• Data shown:
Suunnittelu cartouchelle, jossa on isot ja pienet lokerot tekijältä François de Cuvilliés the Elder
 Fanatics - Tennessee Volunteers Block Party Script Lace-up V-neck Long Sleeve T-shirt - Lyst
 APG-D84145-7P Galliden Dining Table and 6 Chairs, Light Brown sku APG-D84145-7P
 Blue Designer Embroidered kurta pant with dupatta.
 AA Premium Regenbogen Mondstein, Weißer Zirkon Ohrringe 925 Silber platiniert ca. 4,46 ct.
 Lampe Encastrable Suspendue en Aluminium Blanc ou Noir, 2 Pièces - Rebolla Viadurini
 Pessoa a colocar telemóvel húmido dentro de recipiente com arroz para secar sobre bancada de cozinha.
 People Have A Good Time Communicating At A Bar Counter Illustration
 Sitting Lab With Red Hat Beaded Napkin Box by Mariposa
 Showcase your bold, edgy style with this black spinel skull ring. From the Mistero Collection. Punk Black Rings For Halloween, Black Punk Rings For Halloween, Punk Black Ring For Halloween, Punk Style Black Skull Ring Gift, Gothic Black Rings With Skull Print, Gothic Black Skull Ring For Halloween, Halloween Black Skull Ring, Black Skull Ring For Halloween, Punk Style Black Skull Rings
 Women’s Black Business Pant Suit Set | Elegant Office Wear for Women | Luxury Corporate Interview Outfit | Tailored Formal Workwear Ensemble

• Your task: Each line between the start of the listing above and the line containing "Fanatics - Tennessee", with both ends counted, is to be set down unchanged.

• Expected answer:
Suunnittelu cartouchelle, jossa on isot ja pienet lokerot tekijältä François de Cuvilliés the Elder
 Fanatics - Tennessee Volunteers Block Party Script Lace-up V-neck Long Sleeve T-shirt - Lyst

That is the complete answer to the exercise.